Deputies are busier than ever writing 'good behavior' tickets

Jaycee Higdon, 11, receives a good behavior ticket at Kentucky Oaks Mall as part of a McCracken County Sheriff's Department program. The initiative serves as a way to help youth develop positive interactions with law enforcement.


Special Deputy Bobby Cook spent Saturday morning handing out tickets.

But he didn't read anyone their rights or tell them to call an attorney or get their brake lights checked.

Cook was handing out tickets to children for their good behavior.

Cook and some graduates of the McCracken County Sheriff's Department's first citizen academy set up shop at Kentucky Oaks Mall as part of Sheriff Matt Carter's "Tickets for Good Behavior" program.
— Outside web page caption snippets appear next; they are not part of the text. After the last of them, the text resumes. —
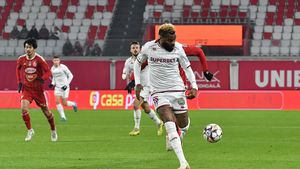 Chinezii vin să-l ia pe Aaron Boupendza. Presa africană dezvăluie scenariul neaşteptat: Dan Şucu îi reziliază contractul şi îl pierde gratis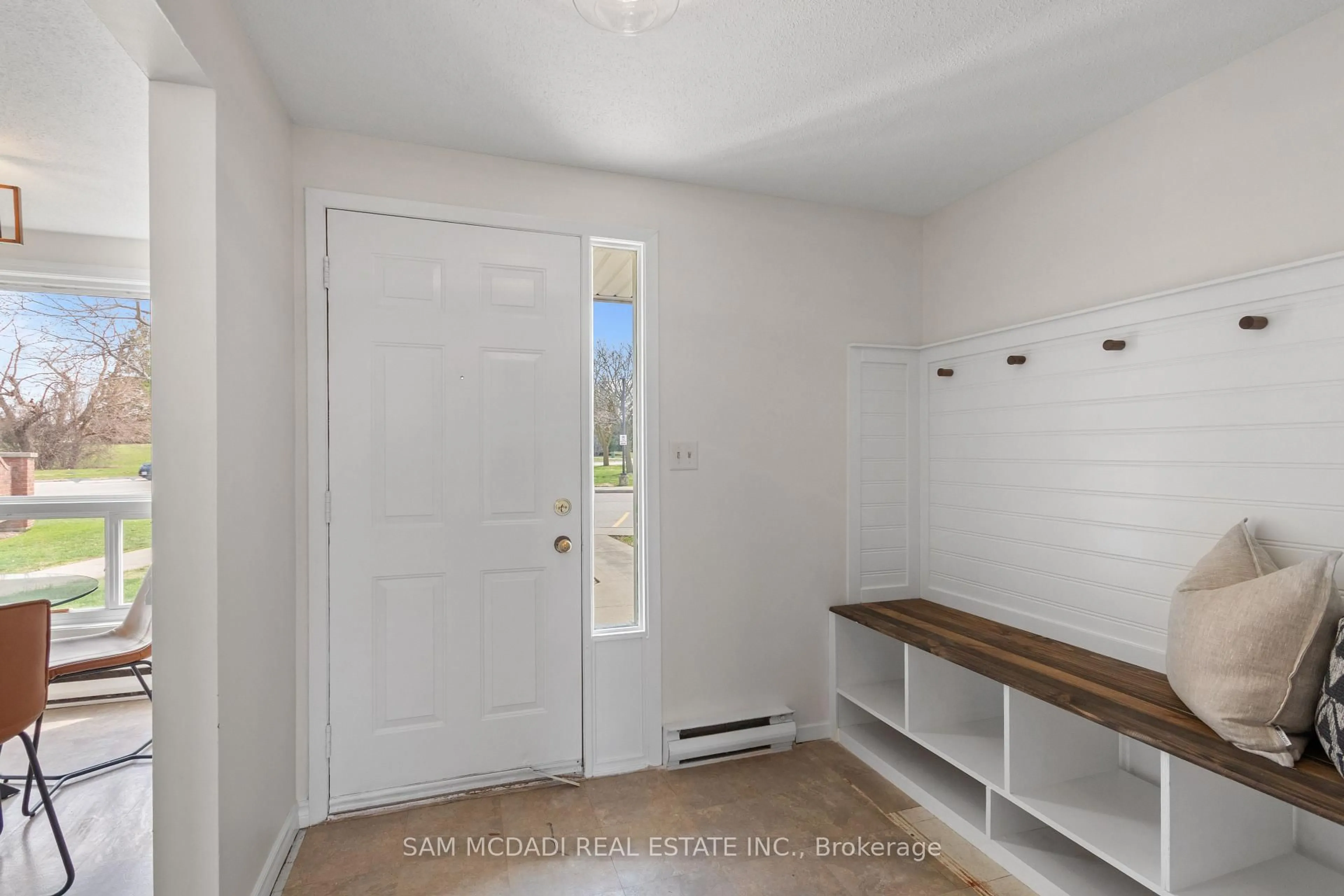 Indoor entryway for 160 Rittenhouse Rd #2, Kitchener Ontario N2E 3E9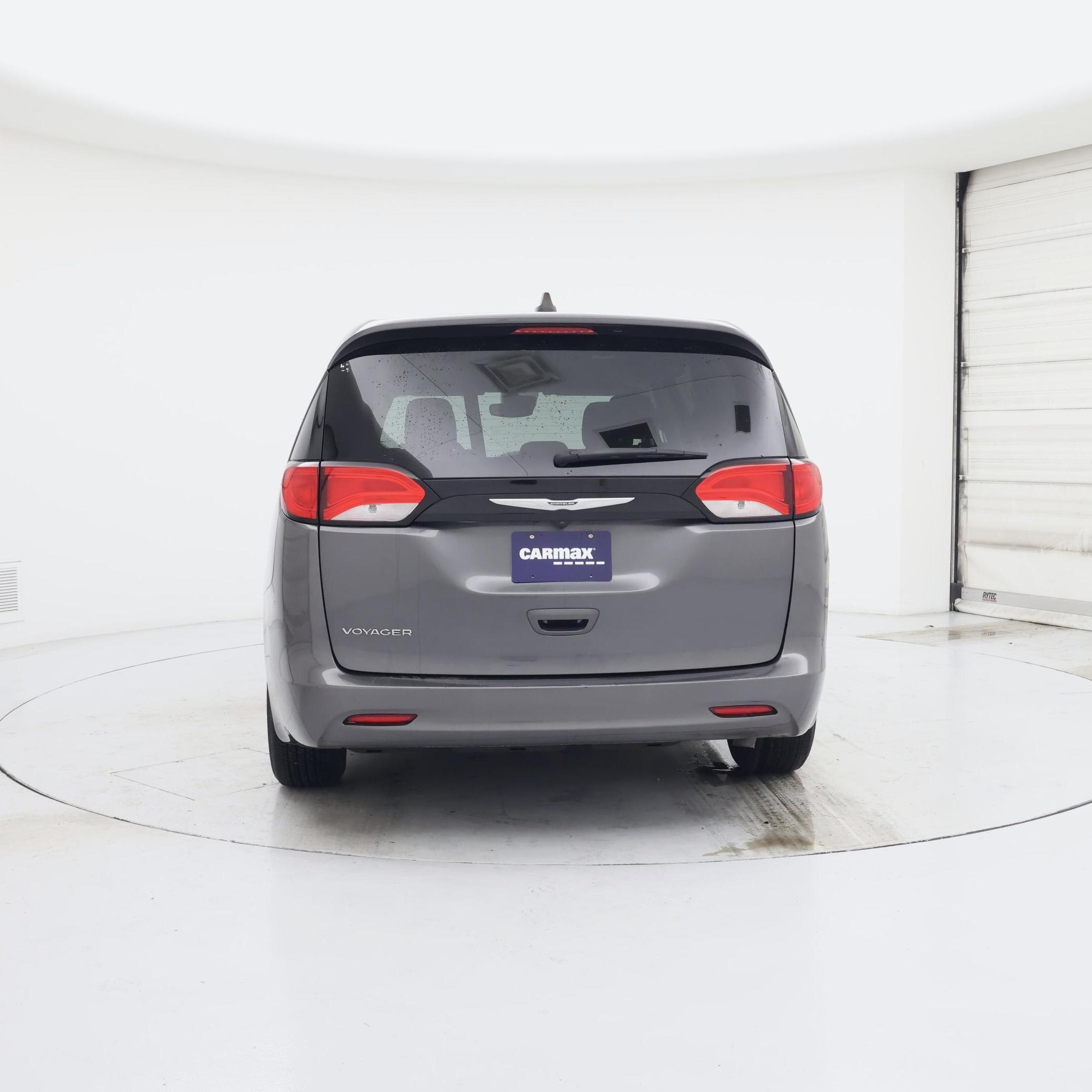 Thumbnail: 2023 Chrysler Voyager - 6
The initiative, now in its second year, serves as a way to help youth develop positive interactions with law enforcement and give them a chance to win a bicycle at summer's end.

Just before noon, Cook estimated up to 60 children had come by the table at the mall's food court.

"I love it. Kids are our future," Cook said.

He said the children who stopped by seemed to enjoy the interaction, but they didn't pay much attention to the possible prize.

"They kind of look over the bicycle giveaway -- those little stickers are where it's at," Cook said, referencing the deputy star stickers volunteers were handing out.

Carter estimated that, by late last week, deputies had already given out more tickets than they wrote all of last summer.

This year's program will conclude Aug. 2 with an event at Noble Park, during which the winners of 10 bicycles -- for five boys and five girls -- will be announced.

Carter said the program is less about the prizes and more about creating "intentional opportunities to interact" with area youth.

"There can be such a stigma put on our youth and, from our youth's perspective, put on law enforcement," Carter said.

"To show them some attention, I think, can go a long way."

Deputies have spent the summer months mingling with children and talking to them about staying well-behaved while school is out.

Carter said during last year's inaugural program deputies handed out about 300 tickets, and he expects this year's total entries to exceed 500.

In addition to the giveaway, the August event will feature food, ice cream and games, and give children more opportunities to socialize with law enforcement.

"It's just our own little way to try to continue to fertilize that mindset of doing the right thing and being good," Carter said.

He also thanked community partners who have helped the program succeed, including Walmart, Health Works Paducah, Paducah Bank, Kiwanis, Bob's Drive-In and the city of Paducah.